(DATA PROVIDED begins)

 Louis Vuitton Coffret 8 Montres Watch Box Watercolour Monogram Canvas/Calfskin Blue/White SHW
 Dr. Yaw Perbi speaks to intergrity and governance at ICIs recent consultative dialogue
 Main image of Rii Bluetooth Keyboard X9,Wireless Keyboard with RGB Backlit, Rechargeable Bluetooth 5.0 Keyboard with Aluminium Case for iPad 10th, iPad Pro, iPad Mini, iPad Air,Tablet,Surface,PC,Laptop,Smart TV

(DATA PROVIDED ends)
(DATA PROVIDED begins)

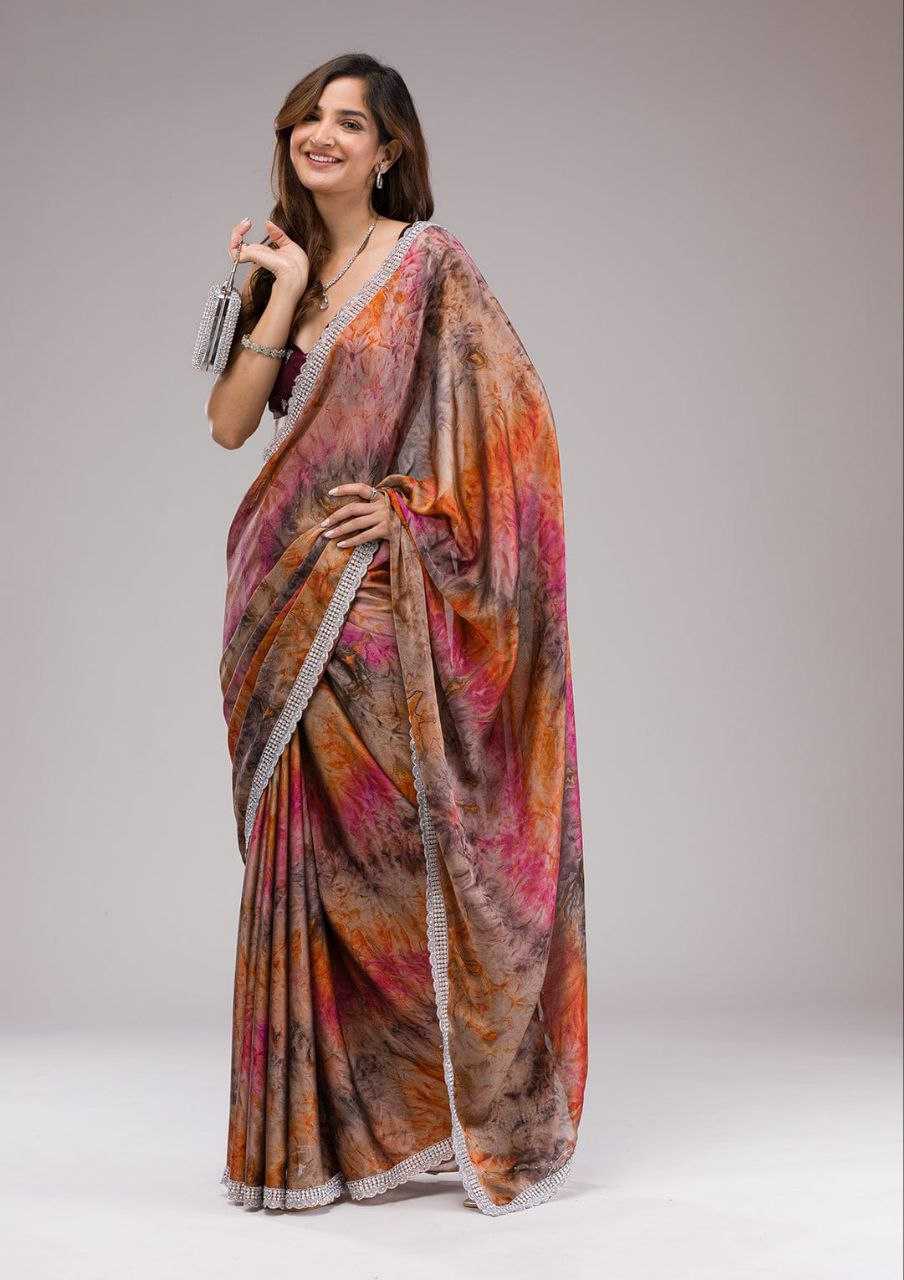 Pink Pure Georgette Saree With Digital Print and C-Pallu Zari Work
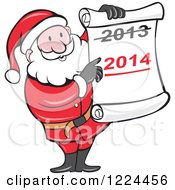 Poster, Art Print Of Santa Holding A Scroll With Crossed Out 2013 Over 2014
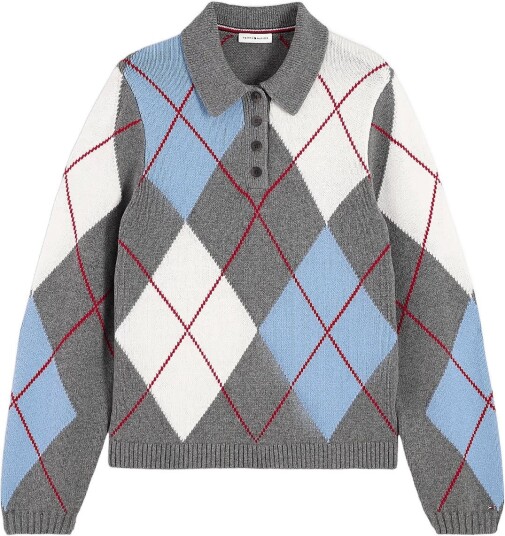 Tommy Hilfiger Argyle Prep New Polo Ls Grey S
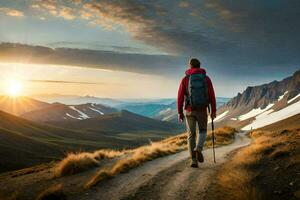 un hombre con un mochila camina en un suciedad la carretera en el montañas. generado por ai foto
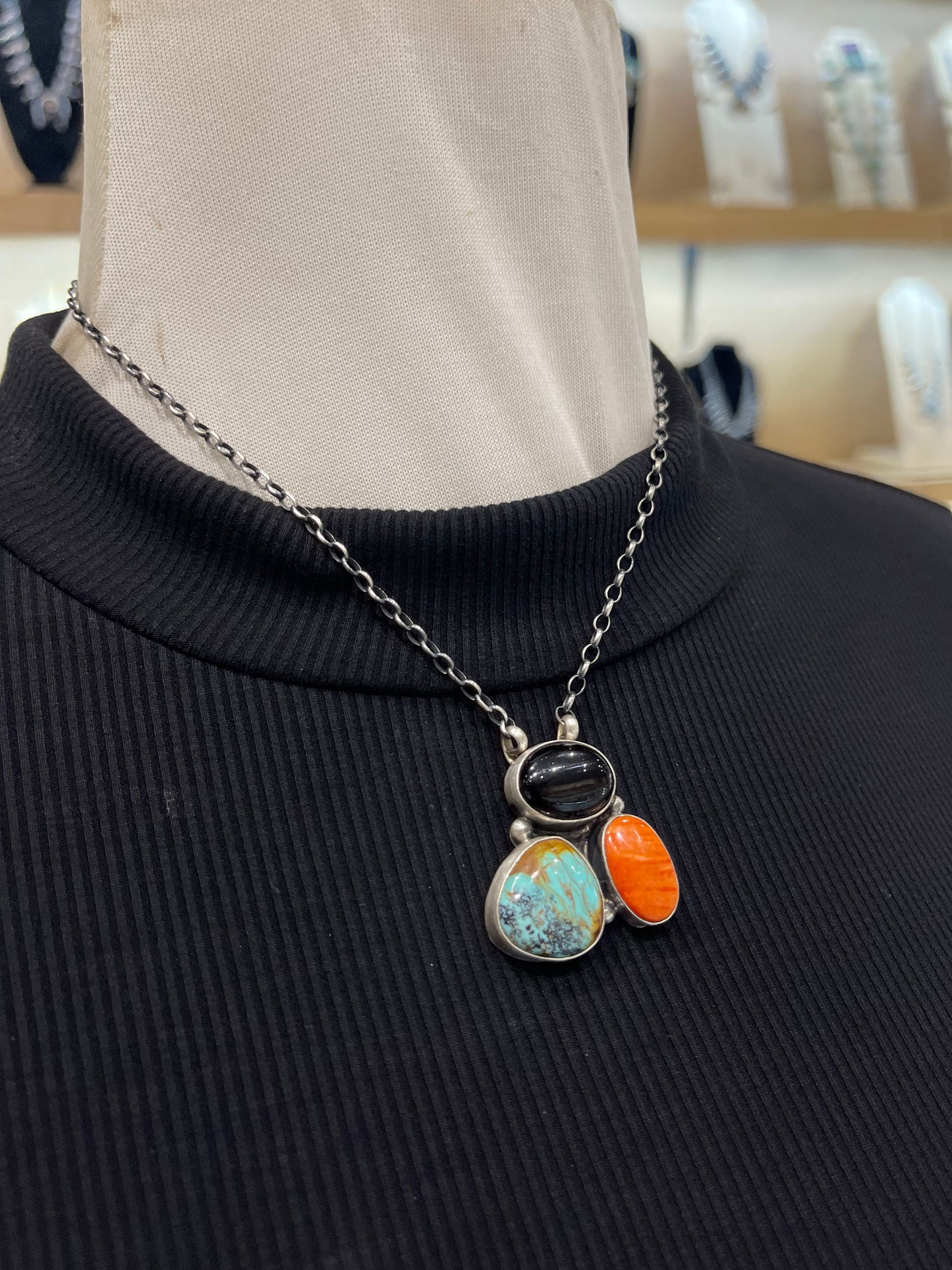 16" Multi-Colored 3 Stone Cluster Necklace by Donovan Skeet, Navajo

(DATA PROVIDED ends)

# TASK BRIEF:
Produce a word-for-word copy of everything above from the line holding "Louis Vuitton Coffret" down to the line holding "Main image of", with both of those lines kept.

# EXPECTED ANSWER:
 Louis Vuitton Coffret 8 Montres Watch Box Watercolour Monogram Canvas/Calfskin Blue/White SHW
 Dr. Yaw Perbi speaks to intergrity and governance at ICIs recent consultative dialogue
 Main image of Rii Bluetooth Keyboard X9,Wireless Keyboard with RGB Backlit, Rechargeable Bluetooth 5.0 Keyboard with Aluminium Case for iPad 10th, iPad Pro, iPad Mini, iPad Air,Tablet,Surface,PC,Laptop,Smart TV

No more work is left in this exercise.